Universe Has Billions More Stars Than Thought

Counting all of those twinkling lights in the night sky just got a lot harder.

THE GIST:

- Astronomers could have miscounted the number of galaxies in the universe.

- Old, distant galaxies are often missed because their light may be obstructed.

- The discovery could add powerfully to knowledge about the timeline by which stars and then galaxies formed.

Astronomers may have underestimated the tally of galaxies in some parts of the universe by as much as 90 percent, according to a study reported on Wednesday in Nature, the weekly British science journal.

Surveys of the cosmos are based on a signature of ultraviolet light that turns out to be a poor indicator of what's out there, its authors say.

In the case of very distant, old galaxies, the telltale light may not reach Earth as it is blocked by interstellar clouds of dust and gas -- and, as a result, these galaxies are missed by the map-makers.

"Astronomers always knew they were missing some fraction of the galaxies... but for the first time we now have a measurement. The number of missed galaxies is substantial," said Matthew Hayes of the University of Geneva's observatory, who led the investigation.

Hayes' team used the world's most advanced optical instrument -- Europe's Very Large Telescope (VLT) in Chile, which has four 8.2-meter (26.65-feet) behemoths -- to carry out the experiment.

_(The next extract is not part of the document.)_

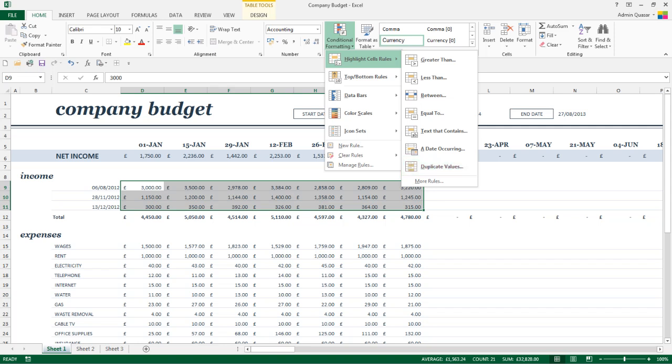If the rule you're looking for isn't listed, you can click on the More Rules button and you can then specify what tests you want to run within your rule.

They turned two of the giants towards a well-studied area of deep space called the GOODS-South field.

The astronomers carried out two sets of observations in the same region, hunting for light emitted by galaxies born 10 billion years ago.

The first looked for so-called Lyman-alpha light, the classic telltale used to compile cosmic maps, named after its U.S. discoverer, Theodore Lyman. Lyman-alpha is energy released by excited hydrogen atoms.

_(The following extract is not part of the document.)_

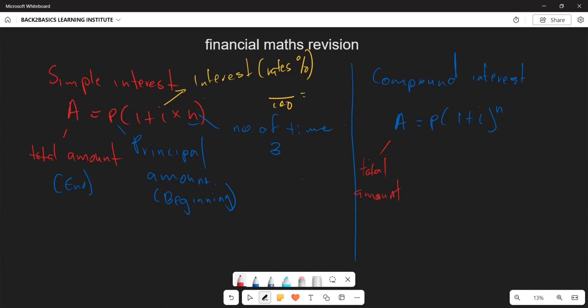In the compound interest formula, P still represents the principal amount at the beginning of the loan or investment, i still represents the interest rate, and n represents the number of periods or number of years, including the compounding period.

The second observation used a special camera called HAWK-1 to look for a signature emitted at a different wavelength, also by glowing hydrogen, which is known as the hydrogen-alpha (or H-alpha) line.

The second sweep yielded a whole bagful of light sources that had not been spotted using the Lyman-alpha technique.

They include some of the faintest galaxies ever found, forged at a time when the universe was just a child.

The astronomers conclude that Lyman-alpha surveys may only spot just a tiny number of the total light emitted from far galaxies. Astonishingly, as many as 90 percent of such distant galaxies may go unseen in these exercises.

"If there are 10 galaxies seen, there could be a hundred there," said Hayes.

The discovery could add powerfully to knowledge about the timeline by which stars and then galaxies formed.

"Now that we know how much light we've been missing, we can start to create far more accurate representations of the cosmos, understanding better how quickly stars have formed at different times in the life of the universe," co-author Miguel Mas-Hesse said in a press release issued by the European Southern Observatory (ESO).

Only a small part of the light spectrum is visible to the human eye, which is why astronomers use ultraviolet, gamma and other radiation sources as additional sources for observation.